Child Trust Funds have fallen with the first swing of the austerity axe. But what exactly are they?
Child Trust Funds (CTF) were intended to be a government-aided nest egg to contribute towards university fees, deposits on first mortgages, and so on, when the named person reached 18. Launched by Labour in 2002, the CTF was the flagship of children's savings schemes.
It provided new parents with a £250 voucher which they could invest, tax-free, for 18 years in a shares or cash-based account.
Parents, grandparents, and others could top up the account to an extra £1,200 a year and the government gave another £250 when the child reached seven years old.
The first batch of savers would have had access to their funds in 2020.
Many believed the CTFs were relatively inexpensive for the government and could engender a saving habit in children and give young people a sound footing at the start of their adult life.

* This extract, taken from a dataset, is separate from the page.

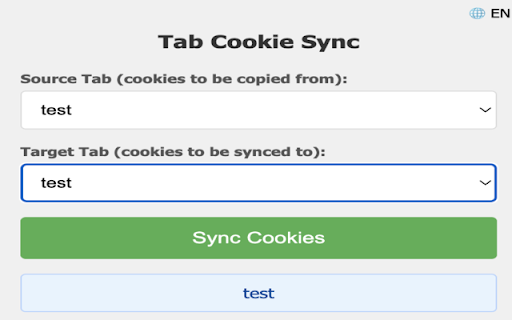 Window Cookie Sync  from Chrome web store to be run with OffiDocs Chromium online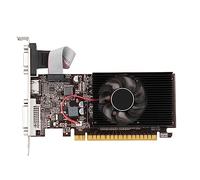 Fxndknjks Carte Graphique GT610 DDR3 True 2GB 810MHZ Carte VidéO D'Ordinateur PCI-E 16X Compatible +VGA+DVI à Faible Bruit pour PC de Bureau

David Laws, the chief secretary to the Treasury, was with the Chancellor on May 24th as they introduced the first set of cuts of the new government.
He said that scaling back and then scrapping CTFs would save £320 million over the next tax year.
He said that payments to disabled children due this year will be honoured and that £20 million of the £320 million saved would be used for extra "respite breaks" for disabled children.
Mr Laws is one of five Liberal Democrat ministers. His first act in office was to scrap his chauffeur-driven Jaguar.